My answer to the original question is below.
This is one of my favorite questions I always enjoy asking myself and whoever related to tech I happen to speak with.
If I was asked before I quit my last job in February of this year I would be absolutely unsure. I had an intention to quit for about 2 years after I’d finally paid off all my debts and started saving money instead of wasting it. The reason to quit was that the job was well-paid, but not fulfilling. I felt bad because there was a lot of stress but no growth. And most importantly, after I first got my paid developer job more than 10 years ago I had never really been sure anymore if I was still passionate about it and if it was a “right” thing to do with my life. It took me 2 years to finally make the decision to quit and take a half-year vacation to calm down and find out what I want.
I guess it has worked out and I’ve come up with a few conclusions. First off, feeling fulfilled and useful is more about how you approach problems than what problems you solve. Both are crucial but I don’t actually believe in anything like destiny unless you’re the one who creates it. So while you’re dealing with arbitrary problems you happened to face, you still want to be enthusiastic, learn and develop your skills and communicate with others in a meaningful way. Here’s a potential growth point: change your attitude and see what happens to your job. Maybe it will become much more attractive than before.
On top of it, I often confused dissatisfaction and disappointment related to the people I dealt with and my responsibilities. In my experience, the right people nearby bring much more satisfaction than the “right” things you do. Apparently it’s much more important to work with people you like and be part of a helpful and encouraging community. Exactly like dev.to. Thanks a lot for being around, folks!

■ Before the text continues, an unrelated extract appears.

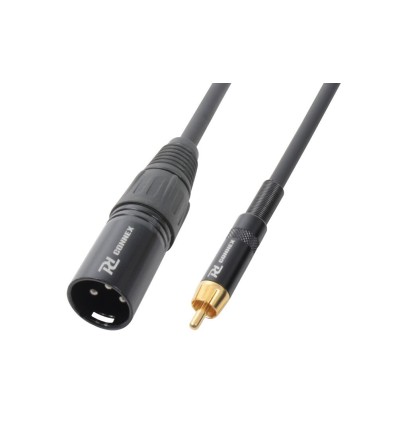 PD CONNEX 177.104 CX52-3 CABLE XLR MACHO -RCA MACHO 3M
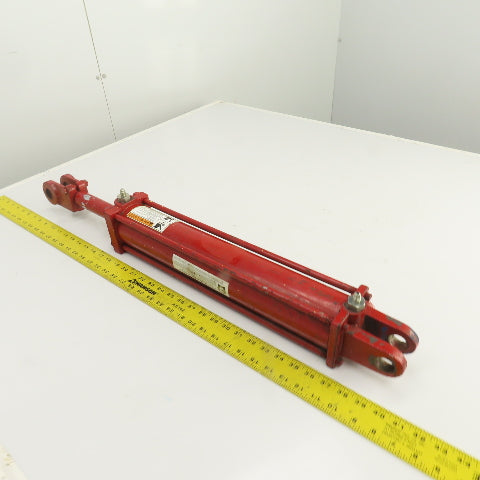 Prince 4Z194 Double Acting Hydraulic Cylinder 2" Bore 16" Stroke 1-3/8" Rod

The next crucial thing is learning. I enjoy it even though it took me a long time to figure out how to handle frustration because of inevitable mistakes one makes while dealing with something new and start enjoying the process of learning and its results. Now I’m going to continue my formal computer science/math education to acquire knowledge and skills I need to solve more complex problems. While doing that, I will obviously need some freelance/remote job in order to pay my bills but this thing must stay in the background in order not to substitute a meaningful learning progress with a routine job. At this point, the path I’ve chosen becomes really tough but there’s no other one I could come up with. I’ll just have to manage it.
All that being said, I’ve finally come to the point when I can answer the original question. The career goal for the next 5-10 years is to make (or at least participate in) a profitable software company that ships a useful product that I have affection for. I’ve already planned out building prototypes/MVPs for different ideas I have and throwing them into the wild to find out if people like them or not. I love the idea of meritocratic entrepreneurship in tech!
However, I try to stay realistic and keep my feet on the ground. All these ideas I have might fail. Even if it happens, as long as I manage to stay passionate and curious about the development, keep learning and acquiring new useful skills, make something meaningful and spend time with nice and smart people I will be fine - whatever I’ll happen to do.